Editorial: What about the Poll Tax?

People are already paying the Poll Tax in Scotland while in England and Wales council officials have begun the task of drawing up the register of those liable to pay the tax (nearly everybody) in preparation for its extension south of the border in April next year. The registration forms have been dropping through peoples letter boxes since the end of May.

All the opposition parties are against the Poll Tax and. urged on by left-wing chants of “Fight the Tax, Smash the Tax”, a campaign of civil disobedience (refusal to register, then refusal to pay) has been launched to try to prevent its implementation. The claim is that the tax is unfair because, compared with the old system of rates, the rich will pay less and the poor will pay more.

“The rich pay less, the poor pay more”, says a leaflet put out by the Camden Stop the Tax Campaign in London. “93% of inner London residents will pay more in Poll Tax than they do in Rates, while millionaires in Hampstead will pay much less”. The Poll Tax “redistributes income from the poorer members of the community to the richer members”, adds a claimants group from Merseyside, describing this as “Robin Hood’s philosophy in reverse”.

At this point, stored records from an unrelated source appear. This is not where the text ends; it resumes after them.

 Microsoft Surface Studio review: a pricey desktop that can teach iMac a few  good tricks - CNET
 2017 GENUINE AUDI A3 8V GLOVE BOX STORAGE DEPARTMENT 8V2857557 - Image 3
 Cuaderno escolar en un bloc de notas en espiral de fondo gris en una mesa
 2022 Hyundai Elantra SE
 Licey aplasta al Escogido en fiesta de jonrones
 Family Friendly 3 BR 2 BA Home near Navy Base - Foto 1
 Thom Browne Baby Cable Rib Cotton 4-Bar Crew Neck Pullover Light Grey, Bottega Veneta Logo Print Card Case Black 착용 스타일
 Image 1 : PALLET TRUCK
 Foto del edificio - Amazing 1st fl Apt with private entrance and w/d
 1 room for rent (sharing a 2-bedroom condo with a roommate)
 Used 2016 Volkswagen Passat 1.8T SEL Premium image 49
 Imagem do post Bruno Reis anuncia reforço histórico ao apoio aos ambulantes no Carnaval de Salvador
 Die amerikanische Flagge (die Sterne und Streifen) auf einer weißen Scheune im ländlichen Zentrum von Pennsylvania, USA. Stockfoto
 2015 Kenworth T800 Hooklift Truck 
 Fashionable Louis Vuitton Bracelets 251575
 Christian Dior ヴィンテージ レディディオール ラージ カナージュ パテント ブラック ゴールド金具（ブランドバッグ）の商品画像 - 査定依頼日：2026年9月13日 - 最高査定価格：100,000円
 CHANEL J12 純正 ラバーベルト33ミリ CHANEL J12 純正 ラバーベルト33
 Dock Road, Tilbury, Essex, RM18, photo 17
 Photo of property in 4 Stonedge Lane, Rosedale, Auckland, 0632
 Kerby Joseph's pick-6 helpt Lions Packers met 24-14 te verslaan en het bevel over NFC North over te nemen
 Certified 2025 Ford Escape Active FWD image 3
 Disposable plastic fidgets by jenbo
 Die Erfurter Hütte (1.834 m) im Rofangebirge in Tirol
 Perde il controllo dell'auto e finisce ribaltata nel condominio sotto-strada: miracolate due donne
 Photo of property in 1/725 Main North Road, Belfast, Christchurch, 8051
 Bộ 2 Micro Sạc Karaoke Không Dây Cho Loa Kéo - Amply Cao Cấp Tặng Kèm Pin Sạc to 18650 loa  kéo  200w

The rich owners of big houses and mansions certainly will be paying less, and this was no doubt a deliberate intention of the present government which has never disguised the fact that it is a government of the rich by the rich for the rich. But it by no means follows that what these rich property owners will no longer be paying will have to come out of the pockets of ordinary wage and salary workers, as the anti-Poll Tax campaigners suggest.

Despite the appearances, taxes are not a burden that falls on wage and salary workers. On average, over time, we receive as wages enough to keep ourselves fit to work in the trade or profession in which we have been trained and are working. It is around a level sufficient to cover the expenses involved in this that market forces, helped on by trade union action, will tend to establish wage rates.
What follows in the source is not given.